_WHAT IS BEING ASKED_
All of the data below is to be repeated exactly, except for the pictures.

_SOURCE MATERIAL_
^^^^^^^^

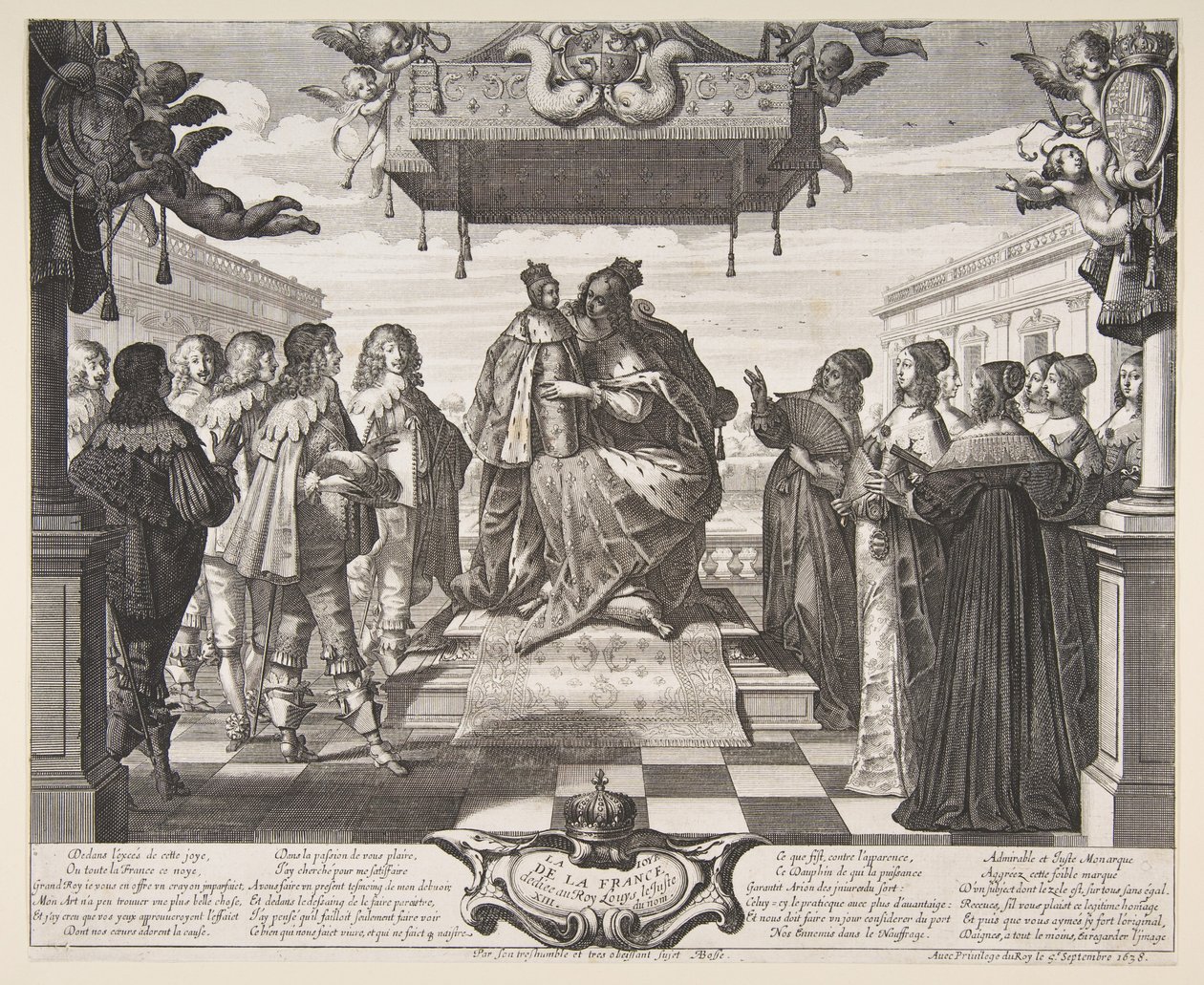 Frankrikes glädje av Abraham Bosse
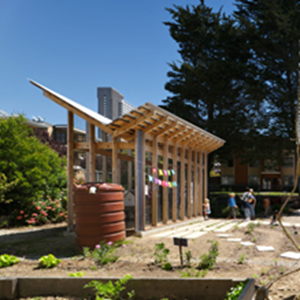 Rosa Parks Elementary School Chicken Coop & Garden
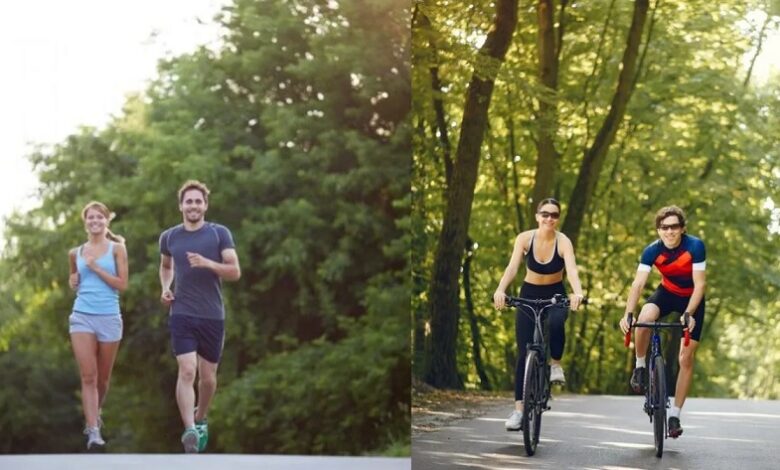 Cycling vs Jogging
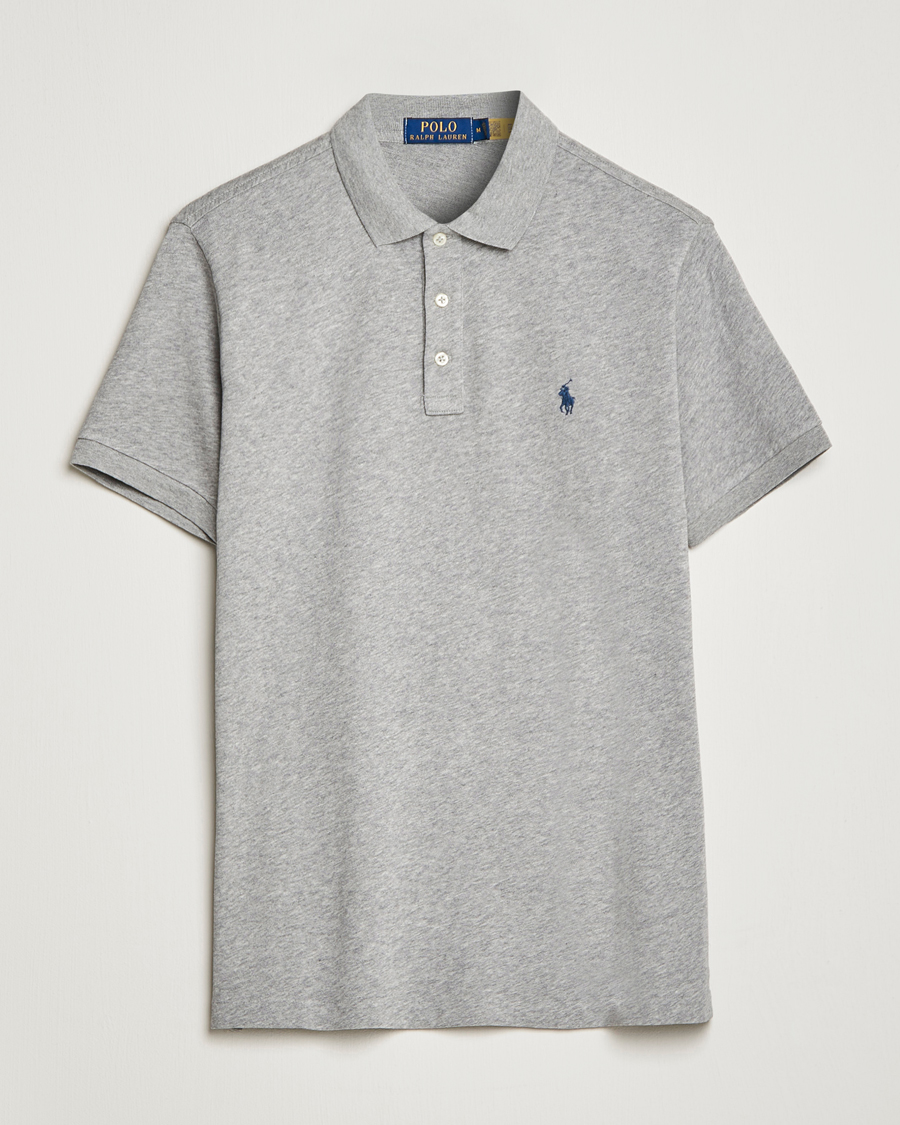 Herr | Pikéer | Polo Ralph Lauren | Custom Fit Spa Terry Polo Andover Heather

^^^^^^^^

_TASK RESULT_
 Frankrikes glädje av Abraham Bosse
 Rosa Parks Elementary School Chicken Coop & Garden
 Cycling vs Jogging
 Herr | Pikéer | Polo Ralph Lauren | Custom Fit Spa Terry Polo Andover Heather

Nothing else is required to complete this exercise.